#### DATASET RECORDS
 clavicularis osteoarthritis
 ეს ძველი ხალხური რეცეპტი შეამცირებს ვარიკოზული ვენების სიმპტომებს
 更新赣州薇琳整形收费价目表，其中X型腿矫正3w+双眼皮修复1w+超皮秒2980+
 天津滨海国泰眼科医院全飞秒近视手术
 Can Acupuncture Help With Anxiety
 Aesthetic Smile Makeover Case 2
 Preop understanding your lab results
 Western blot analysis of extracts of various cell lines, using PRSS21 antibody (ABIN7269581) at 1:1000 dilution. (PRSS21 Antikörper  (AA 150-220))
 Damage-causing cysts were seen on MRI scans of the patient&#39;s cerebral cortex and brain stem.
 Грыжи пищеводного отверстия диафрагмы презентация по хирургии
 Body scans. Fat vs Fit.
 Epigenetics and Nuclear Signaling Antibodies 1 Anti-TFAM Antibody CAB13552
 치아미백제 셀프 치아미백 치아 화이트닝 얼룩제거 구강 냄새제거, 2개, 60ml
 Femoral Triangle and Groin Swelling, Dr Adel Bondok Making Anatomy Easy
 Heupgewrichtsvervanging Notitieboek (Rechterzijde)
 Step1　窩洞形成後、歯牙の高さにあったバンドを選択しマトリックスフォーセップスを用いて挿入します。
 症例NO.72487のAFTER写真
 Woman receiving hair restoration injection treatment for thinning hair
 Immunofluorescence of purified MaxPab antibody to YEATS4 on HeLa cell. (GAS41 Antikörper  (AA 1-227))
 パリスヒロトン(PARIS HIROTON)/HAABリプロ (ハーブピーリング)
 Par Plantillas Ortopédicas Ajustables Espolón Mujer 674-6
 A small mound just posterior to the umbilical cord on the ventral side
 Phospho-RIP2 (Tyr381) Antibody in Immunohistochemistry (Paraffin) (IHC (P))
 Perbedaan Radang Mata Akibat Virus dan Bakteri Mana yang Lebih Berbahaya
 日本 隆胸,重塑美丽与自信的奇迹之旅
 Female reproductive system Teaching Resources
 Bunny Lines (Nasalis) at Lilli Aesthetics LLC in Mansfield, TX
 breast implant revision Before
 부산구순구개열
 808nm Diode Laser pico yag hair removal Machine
########
* _EXERCISE DIRECTIONS_
Your answer must consist of every line above, reproduced exactly.

* _PROBLEM SOLUTION_
 clavicularis osteoarthritis
 ეს ძველი ხალხური რეცეპტი შეამცირებს ვარიკოზული ვენების სიმპტომებს
 更新赣州薇琳整形收费价目表，其中X型腿矫正3w+双眼皮修复1w+超皮秒2980+
 天津滨海国泰眼科医院全飞秒近视手术
 Can Acupuncture Help With Anxiety
 Aesthetic Smile Makeover Case 2
 Preop understanding your lab results
 Western blot analysis of extracts of various cell lines, using PRSS21 antibody (ABIN7269581) at 1:1000 dilution. (PRSS21 Antikörper  (AA 150-220))
 Damage-causing cysts were seen on MRI scans of the patient&#39;s cerebral cortex and brain stem.
 Грыжи пищеводного отверстия диафрагмы презентация по хирургии
 Body scans. Fat vs Fit.
 Epigenetics and Nuclear Signaling Antibodies 1 Anti-TFAM Antibody CAB13552
 치아미백제 셀프 치아미백 치아 화이트닝 얼룩제거 구강 냄새제거, 2개, 60ml
 Femoral Triangle and Groin Swelling, Dr Adel Bondok Making Anatomy Easy
 Heupgewrichtsvervanging Notitieboek (Rechterzijde)
 Step1　窩洞形成後、歯牙の高さにあったバンドを選択しマトリックスフォーセップスを用いて挿入します。
 症例NO.72487のAFTER写真
 Woman receiving hair restoration injection treatment for thinning hair
 Immunofluorescence of purified MaxPab antibody to YEATS4 on HeLa cell. (GAS41 Antikörper  (AA 1-227))
 パリスヒロトン(PARIS HIROTON)/HAABリプロ (ハーブピーリング)
 Par Plantillas Ortopédicas Ajustables Espolón Mujer 674-6
 A small mound just posterior to the umbilical cord on the ventral side
 Phospho-RIP2 (Tyr381) Antibody in Immunohistochemistry (Paraffin) (IHC (P))
 Perbedaan Radang Mata Akibat Virus dan Bakteri Mana yang Lebih Berbahaya
 日本 隆胸,重塑美丽与自信的奇迹之旅
 Female reproductive system Teaching Resources
 Bunny Lines (Nasalis) at Lilli Aesthetics LLC in Mansfield, TX
 breast implant revision Before
 부산구순구개열
 808nm Diode Laser pico yag hair removal Machine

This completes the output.